Exercise prompt:
Any picture among the records should be left out, please; retype the rest exactly.

________________

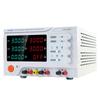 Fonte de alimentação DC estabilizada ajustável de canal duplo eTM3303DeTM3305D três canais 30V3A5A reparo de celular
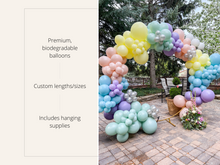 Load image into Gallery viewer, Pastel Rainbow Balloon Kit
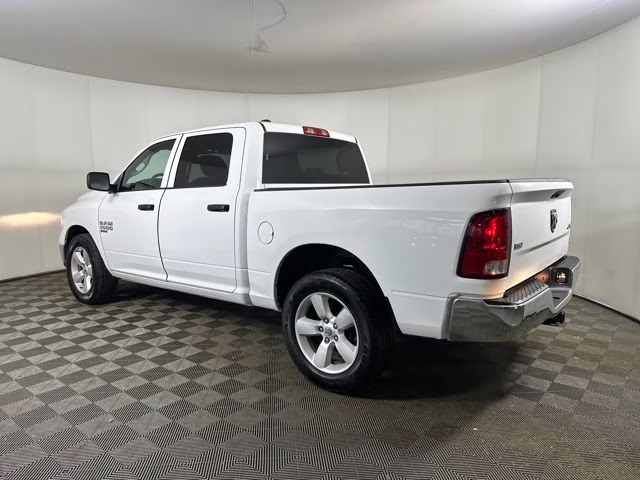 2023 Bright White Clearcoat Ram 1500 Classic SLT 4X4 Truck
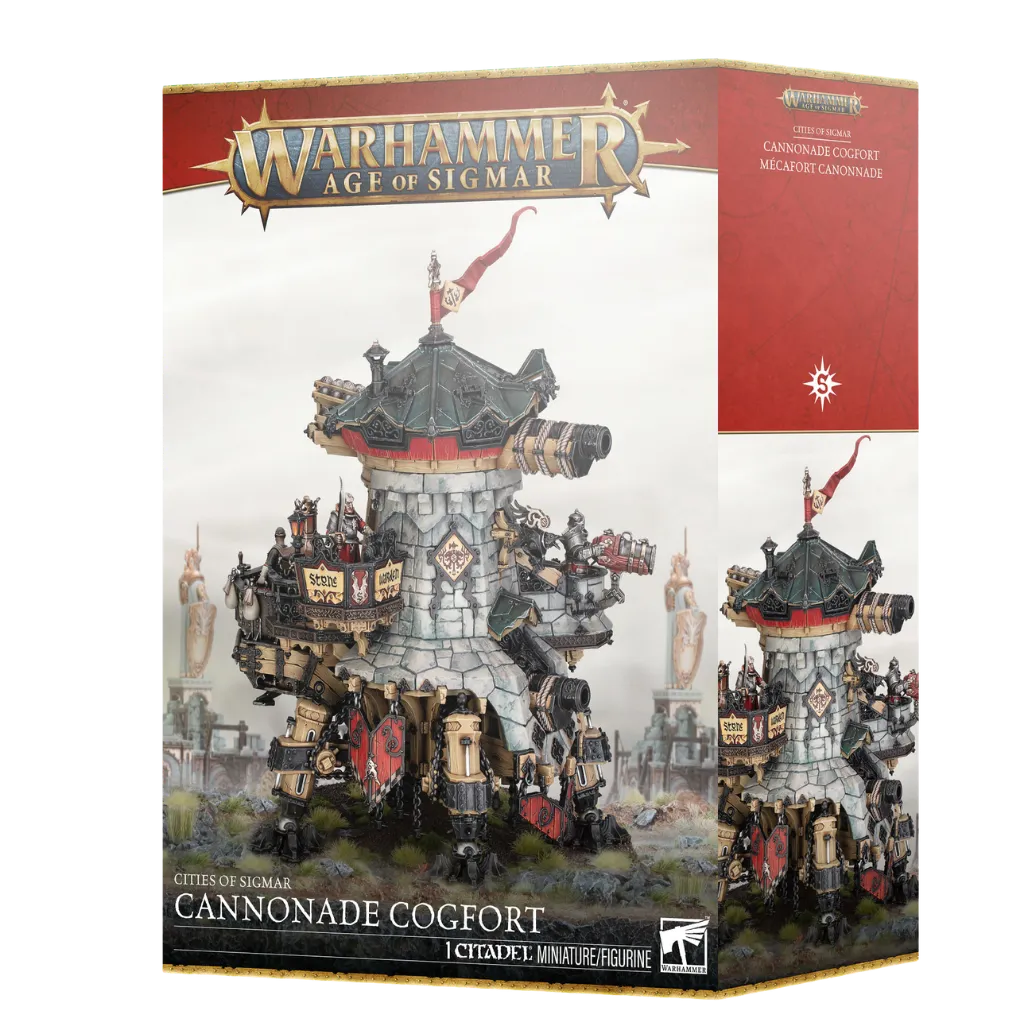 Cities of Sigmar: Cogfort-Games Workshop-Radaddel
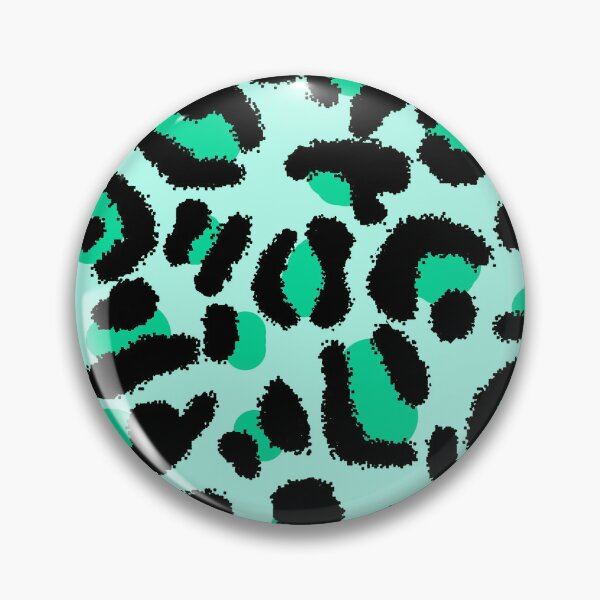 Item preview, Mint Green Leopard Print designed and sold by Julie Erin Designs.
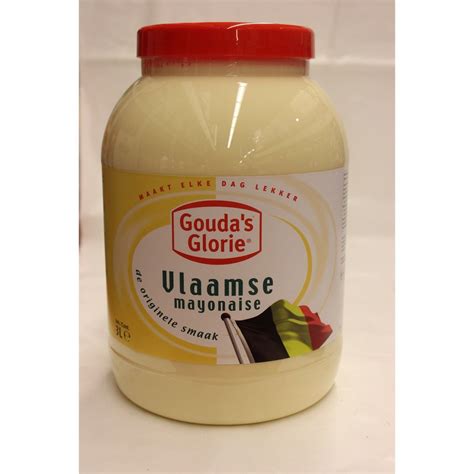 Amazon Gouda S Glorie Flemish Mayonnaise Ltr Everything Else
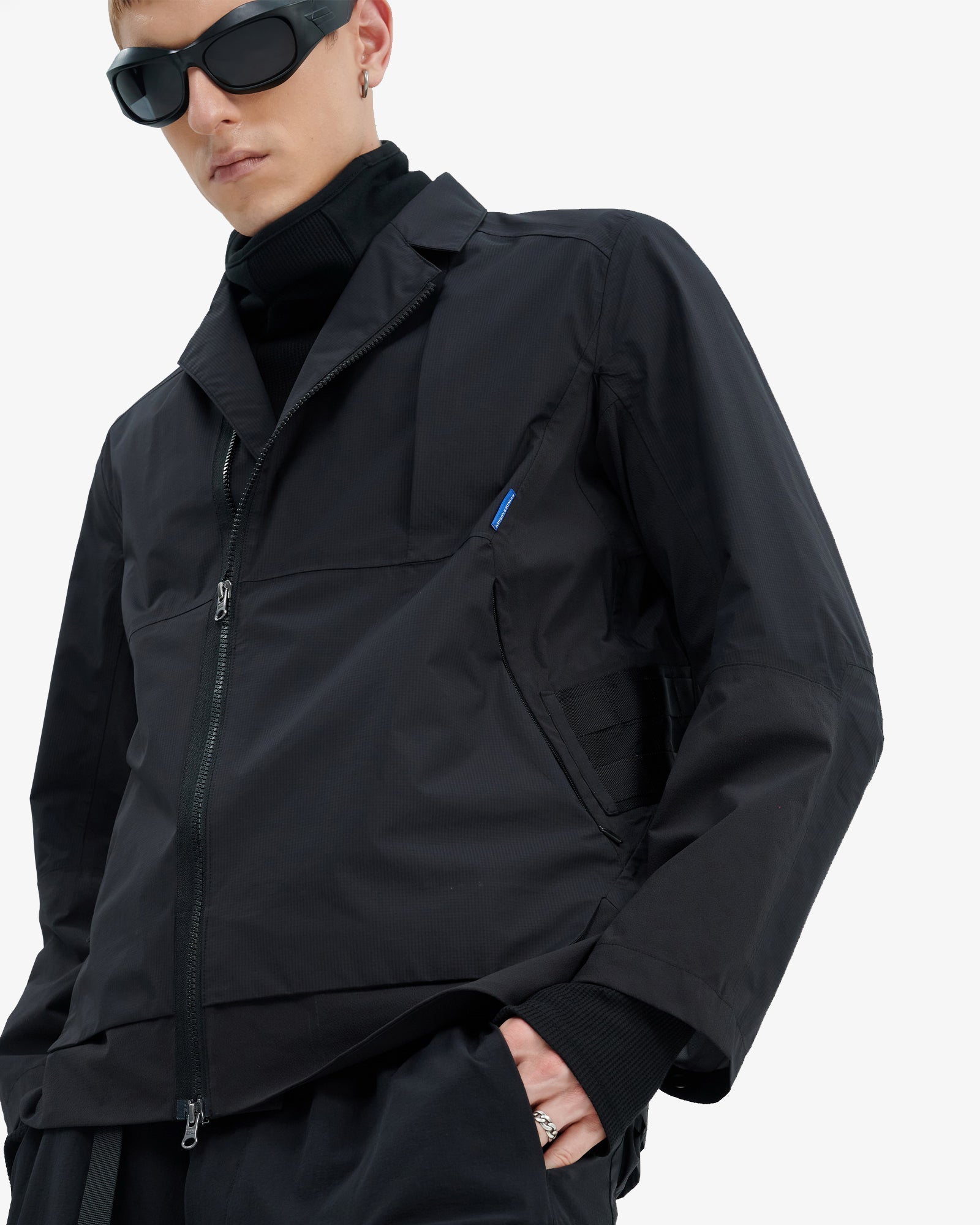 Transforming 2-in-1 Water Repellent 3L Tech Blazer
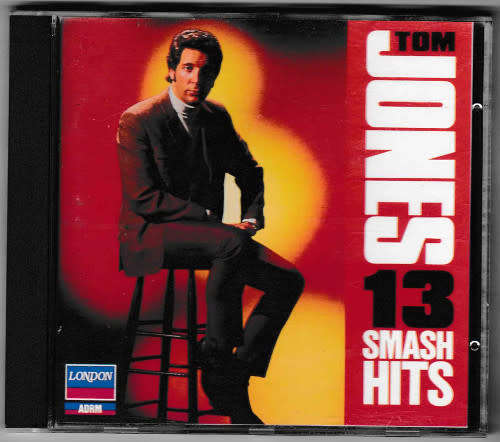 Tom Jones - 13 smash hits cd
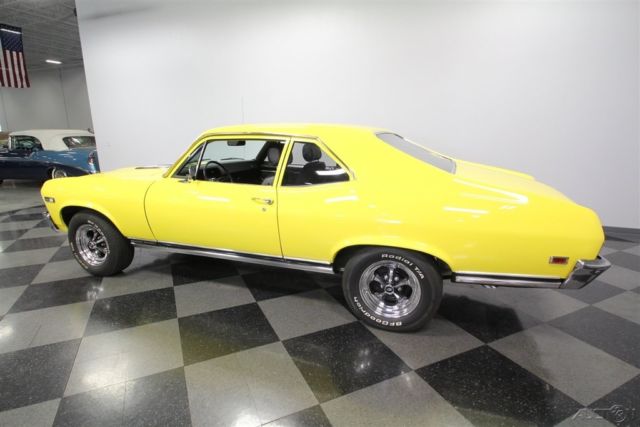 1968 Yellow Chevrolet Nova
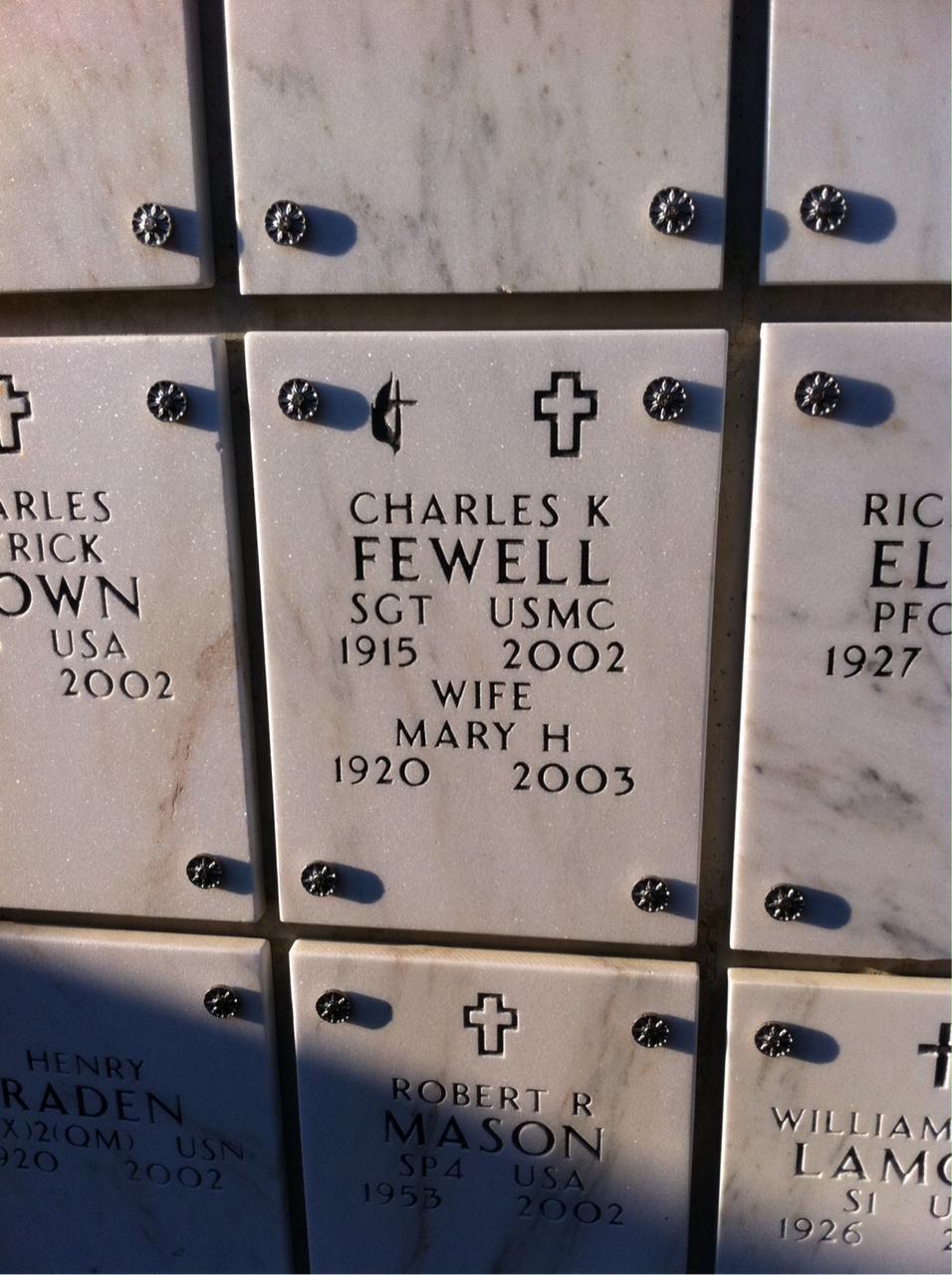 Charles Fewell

________________

Result:
 Fonte de alimentação DC estabilizada ajustável de canal duplo eTM3303DeTM3305D três canais 30V3A5A reparo de celular
 Load image into Gallery viewer, Pastel Rainbow Balloon Kit
 2023 Bright White Clearcoat Ram 1500 Classic SLT 4X4 Truck
 Cities of Sigmar: Cogfort-Games Workshop-Radaddel
 Item preview, Mint Green Leopard Print designed and sold by Julie Erin Designs.
 Amazon Gouda S Glorie Flemish Mayonnaise Ltr Everything Else
 Transforming 2-in-1 Water Repellent 3L Tech Blazer
 Tom Jones - 13 smash hits cd
 1968 Yellow Chevrolet Nova
 Charles Fewell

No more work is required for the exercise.